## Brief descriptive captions
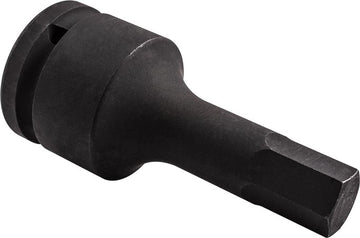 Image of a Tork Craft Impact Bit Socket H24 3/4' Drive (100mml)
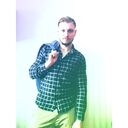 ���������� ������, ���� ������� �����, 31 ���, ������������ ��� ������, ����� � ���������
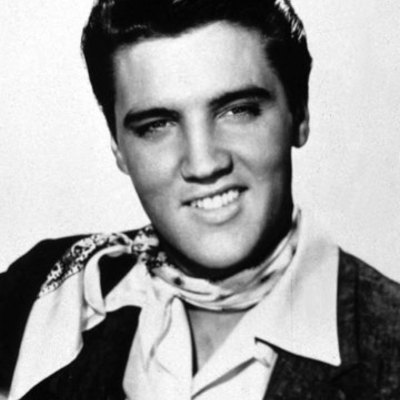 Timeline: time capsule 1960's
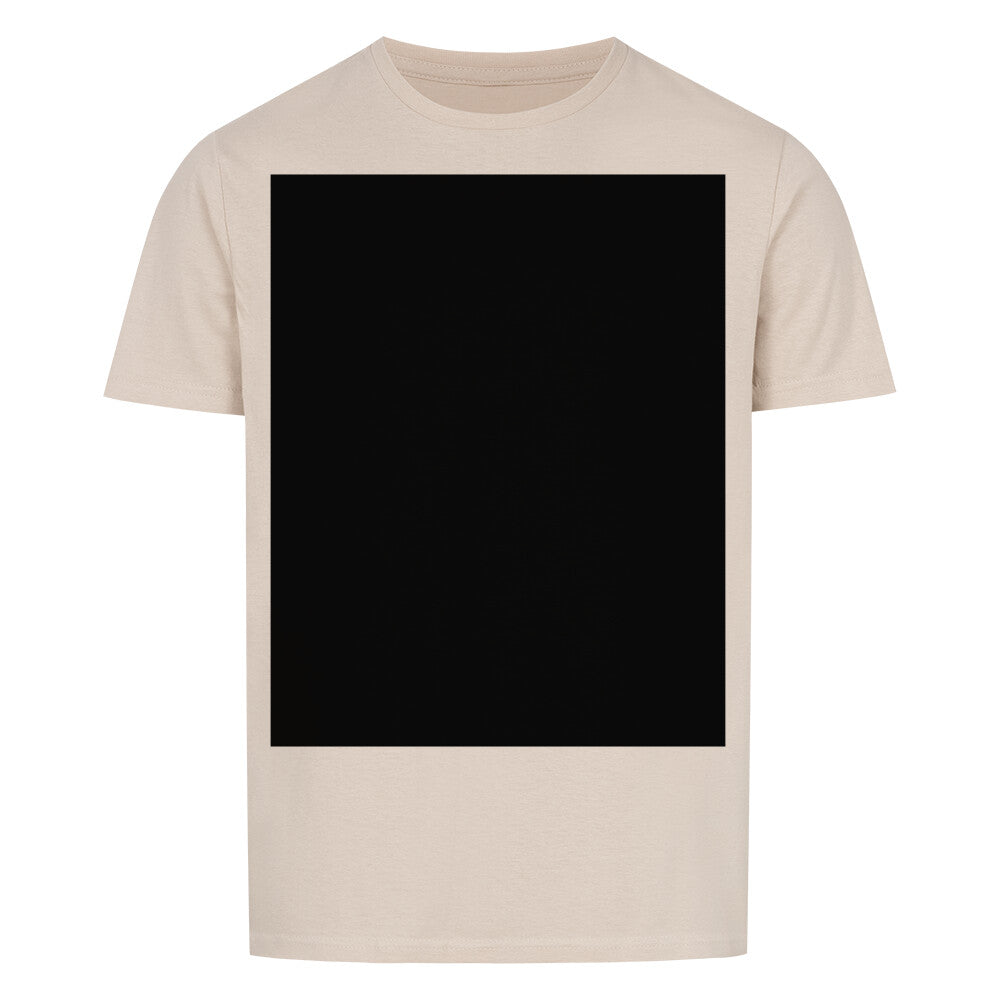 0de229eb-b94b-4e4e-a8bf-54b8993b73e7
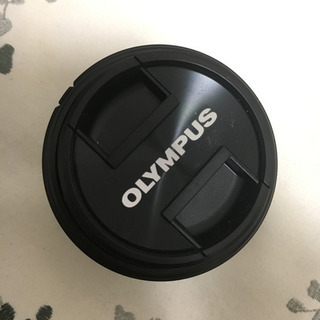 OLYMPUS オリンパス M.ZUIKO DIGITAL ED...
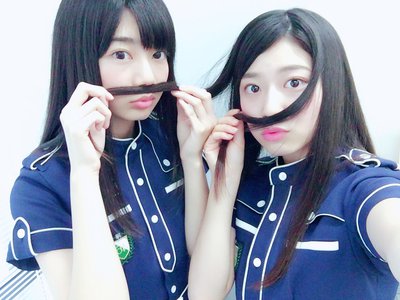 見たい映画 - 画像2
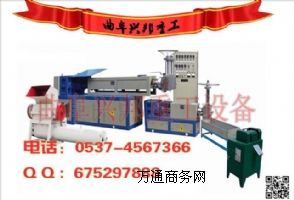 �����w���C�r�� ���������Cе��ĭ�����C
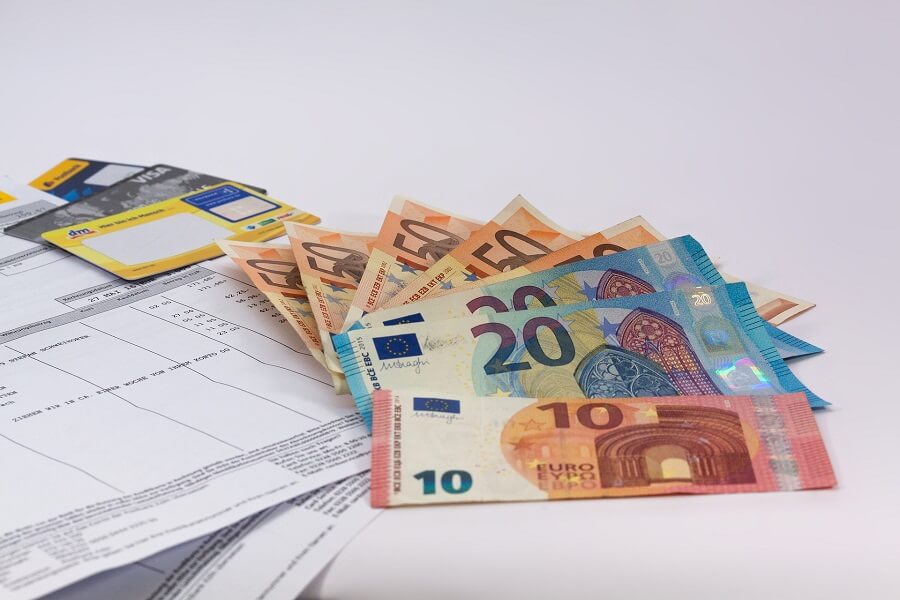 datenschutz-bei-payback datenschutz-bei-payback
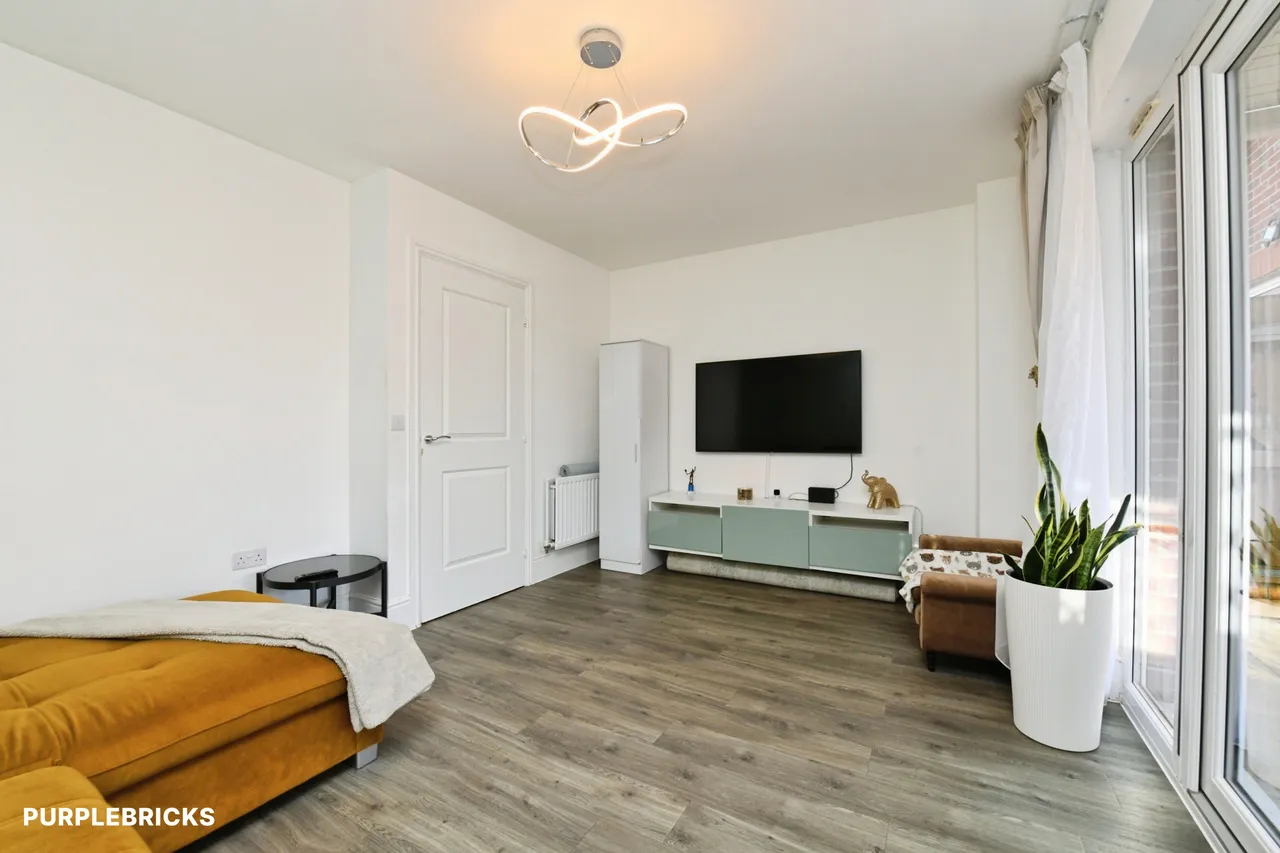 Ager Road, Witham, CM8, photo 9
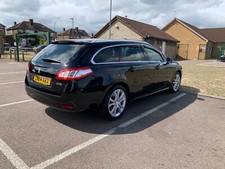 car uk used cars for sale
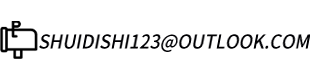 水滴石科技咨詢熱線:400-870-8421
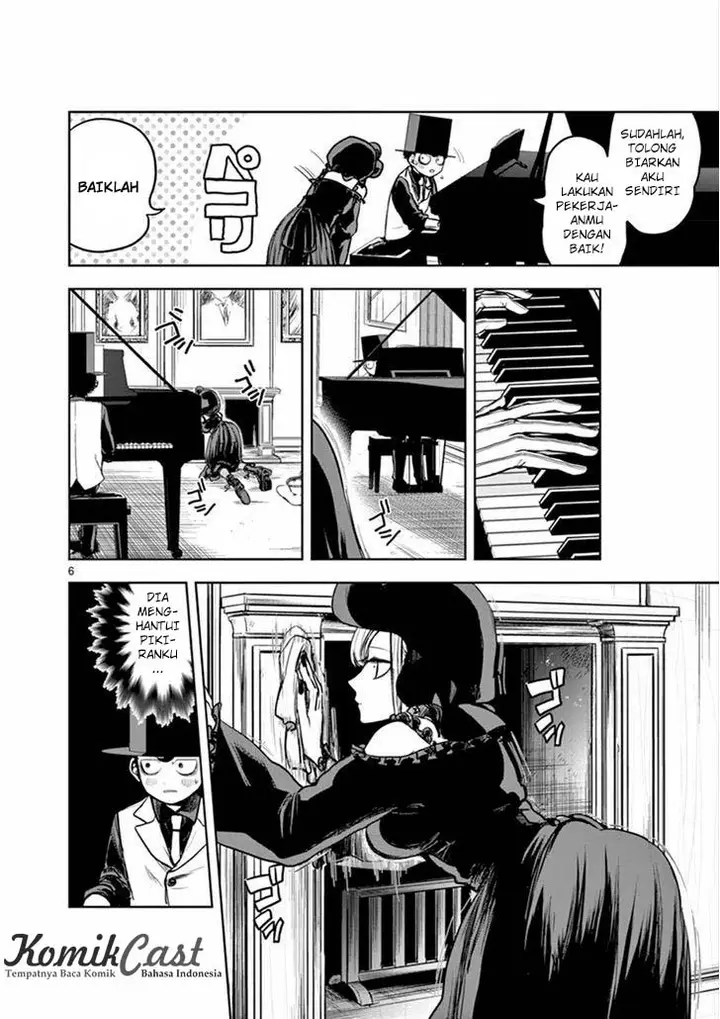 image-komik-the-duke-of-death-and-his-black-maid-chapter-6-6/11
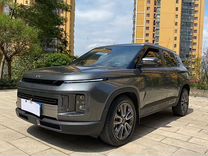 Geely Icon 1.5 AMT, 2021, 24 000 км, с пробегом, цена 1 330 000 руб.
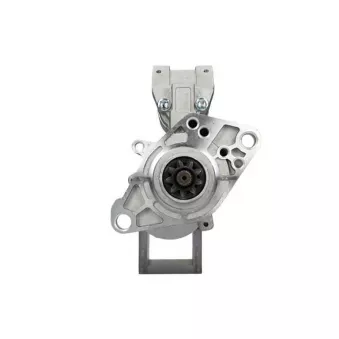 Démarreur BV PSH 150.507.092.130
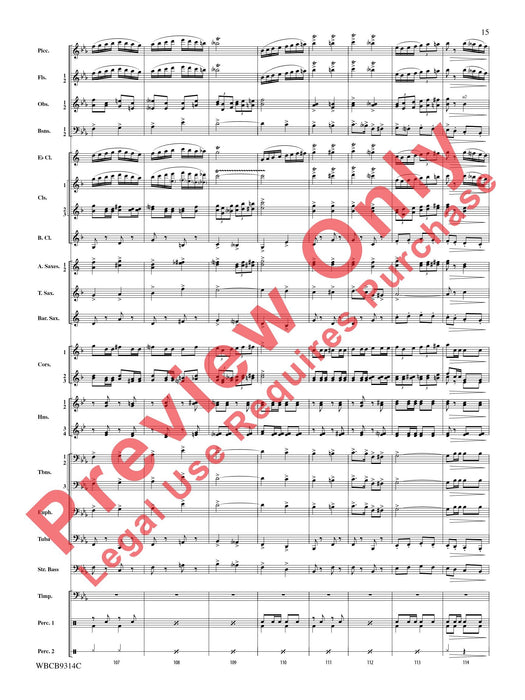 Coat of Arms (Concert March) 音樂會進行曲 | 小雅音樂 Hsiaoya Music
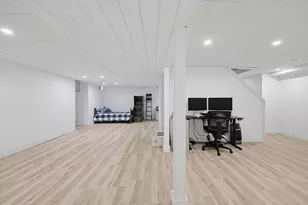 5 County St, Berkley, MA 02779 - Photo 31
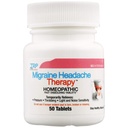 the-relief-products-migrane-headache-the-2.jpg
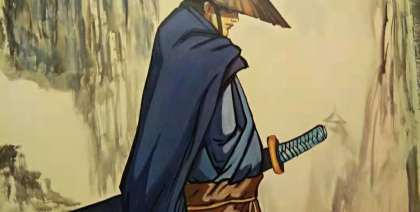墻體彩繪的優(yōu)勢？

## Task directions
Output all of the data exactly as it stands, minus any images.

## Solution to this problem
 Image of a Tork Craft Impact Bit Socket H24 3/4' Drive (100mml)
 ���������� ������, ���� ������� �����, 31 ���, ������������ ��� ������, ����� � ���������
 Timeline: time capsule 1960's
 0de229eb-b94b-4e4e-a8bf-54b8993b73e7
 OLYMPUS オリンパス M.ZUIKO DIGITAL ED...
 見たい映画 - 画像2
 �����w���C�r�� ���������Cе��ĭ�����C
 datenschutz-bei-payback datenschutz-bei-payback
 Ager Road, Witham, CM8, photo 9
 car uk used cars for sale
 水滴石科技咨詢熱線:400-870-8421
 image-komik-the-duke-of-death-and-his-black-maid-chapter-6-6/11
 Geely Icon 1.5 AMT, 2021, 24 000 км, с пробегом, цена 1 330 000 руб.
 Démarreur BV PSH 150.507.092.130
 Coat of Arms (Concert March) 音樂會進行曲 | 小雅音樂 Hsiaoya Music
 5 County St, Berkley, MA 02779 - Photo 31
 the-relief-products-migrane-headache-the-2.jpg
墻體彩繪的優(yōu)勢？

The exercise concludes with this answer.